When I was on my way home from my recent holiday in Yorkshire, where my parents now live, I went to see an old friend from college whom I had not seen for 10 years. One of those rare treats that friendship gives – catching up after years apart. He is now a monk living in the North Yorkshire Moors. On my way in to the village where he lives, I went to see another monk. Well another monastery anway. I dropped into the lovely valley where the ruins of Rievaulx abbey stand. That was the place where a saint lived – originally from Scotland, Abbot Aelred lived in Rievaulx ruling a great monastery and writing his own ideas down which survive to this day. He is remembered especially for writing about friendship and was famous for allowing friendships between the monks rather than being suspicious of them as other abbots had been.

I sat in the ruins of that soaring Cistercian monastery and looked down the valley.

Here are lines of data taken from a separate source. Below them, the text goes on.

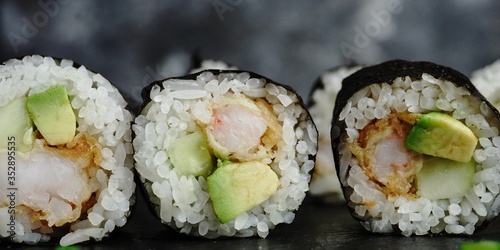 Homemade shrimp tempura sushi roll, selective focus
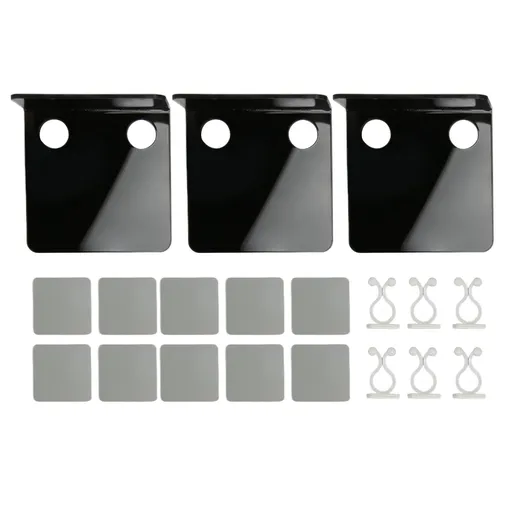 3 PCS Small Security Cameras Wall Shelf with 6 Cable Clips 10PCS Tapes Acrylic Waterproof Drill Free Adhesive Floating Shelf for Speakers Black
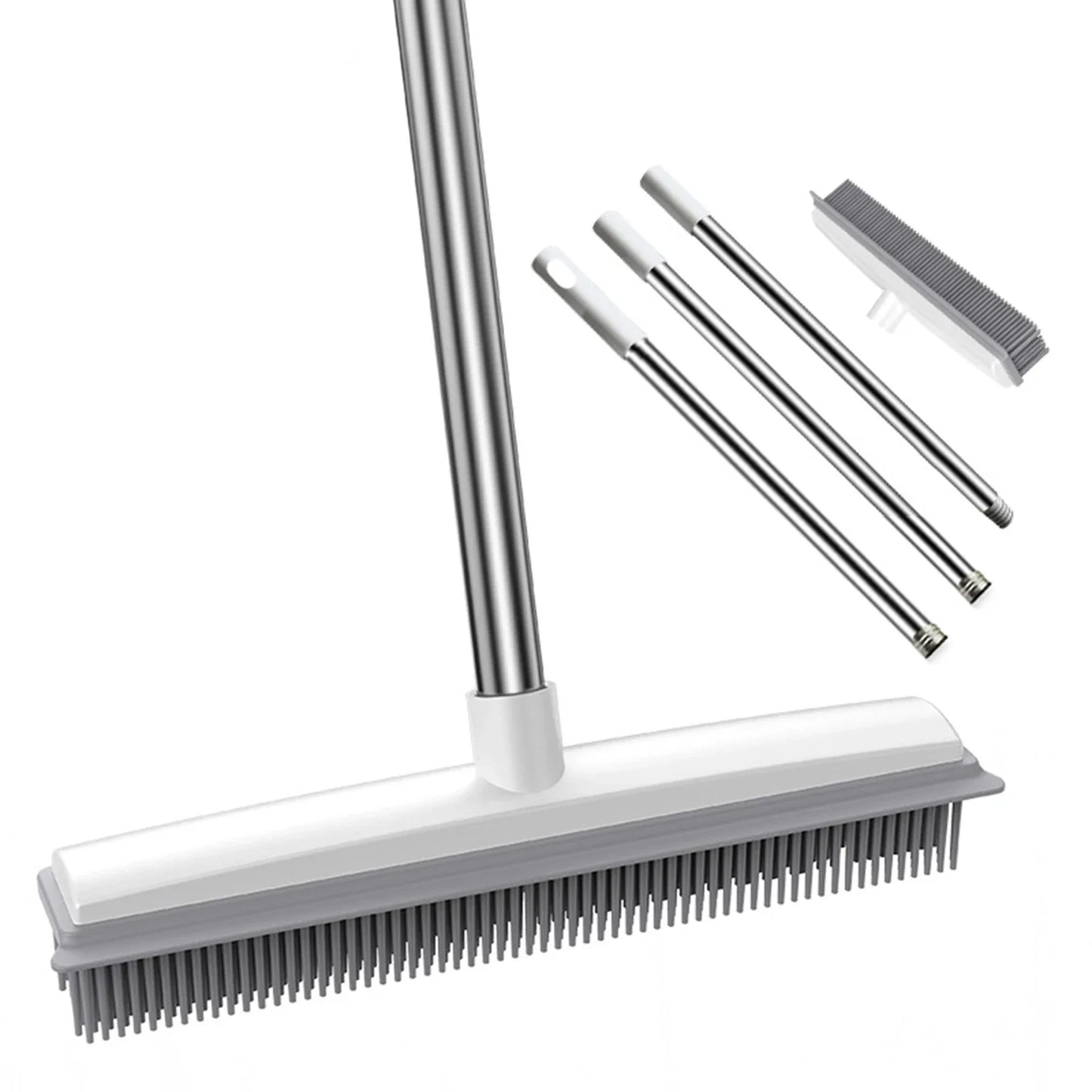 Rubber Broom & Carpet Rake with Squeegee – Pet Hair Remover for Carpets & Hard Floors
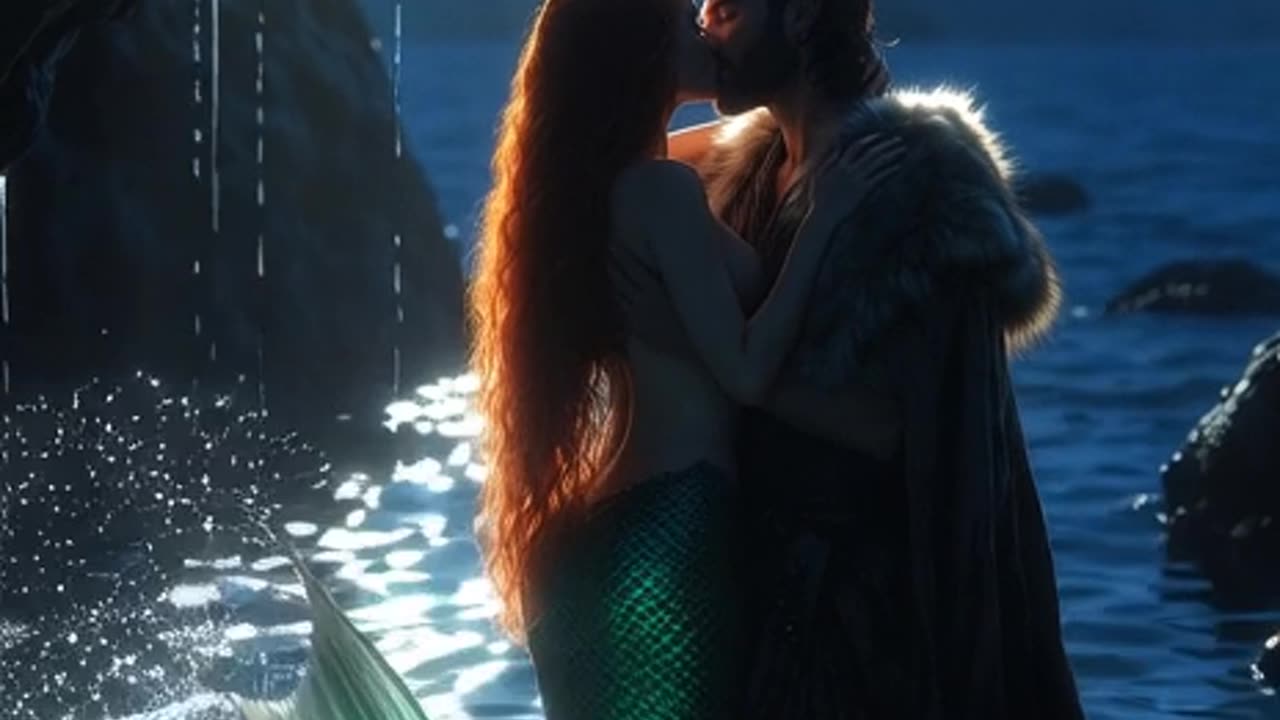 Moonlit Kiss of the Mermaid, AI Video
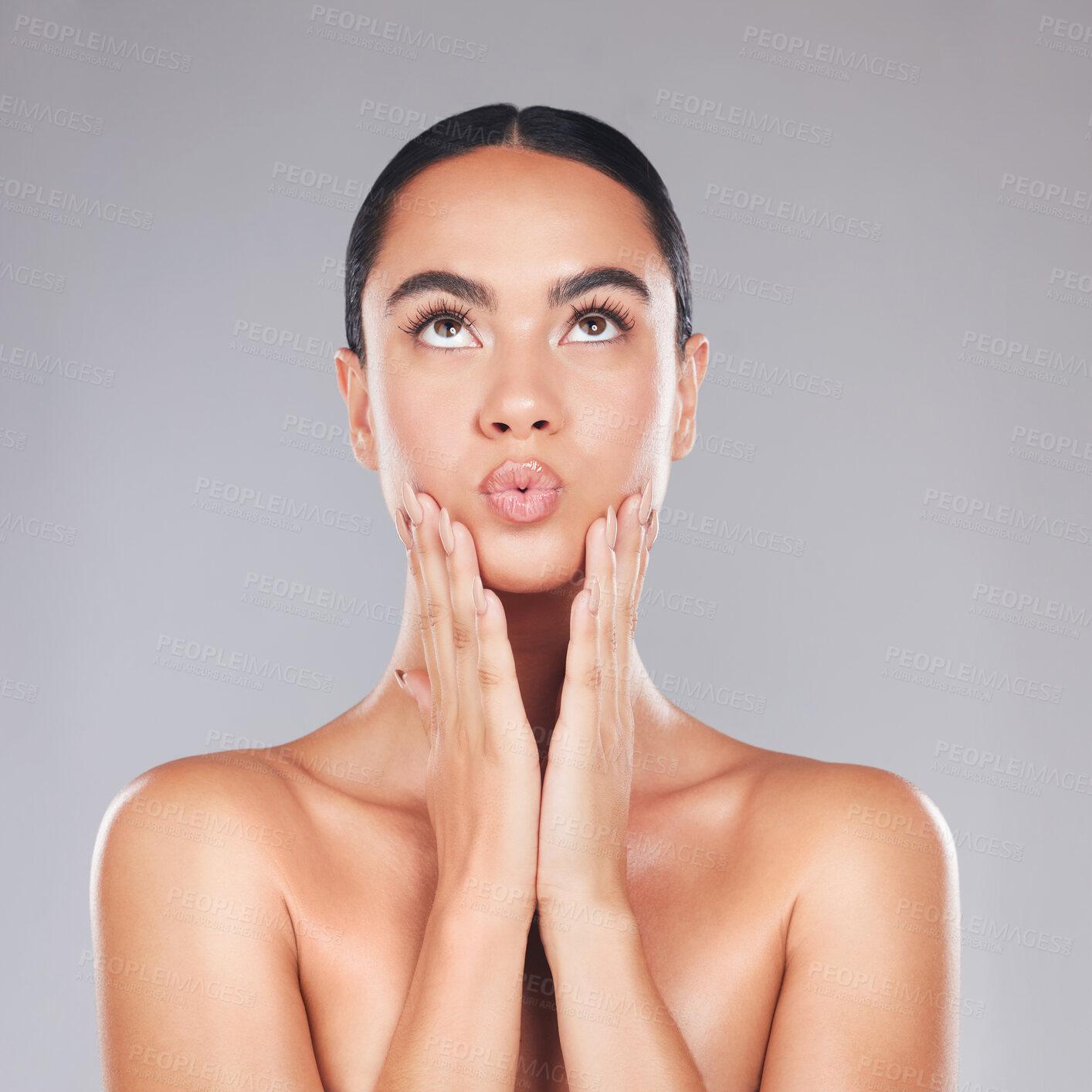 Buy stock photo Skincare, beauty and surprise face of a woman from Spain with healthy, wellness and glowing skin. Female model hands after cosmetic, health dermatology and lip fillers treatment or plastic surgery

Smokey mist was weaving in and out of the trees. Just like the ideas that I’ve been trying to explore this morning – you could not catch hold of it – it just hung in the air.

And I hoped for a day when we could rebuild something whole and holy from the tumbling ruins that seem to represent the modern church’s attempts to speak about human relationships.

A God worth knowing as a friend.

Church communities famous for their openness and characterised by good humoured friendliness.

And A Sacrament of Friendship that embraces, cajoles, emboldens, challenges, and comforts and whose borders are ever wider and whose circumference goes by the name of Love.

In the name of the Father and of the Son and of the Holy Spirit. Amen.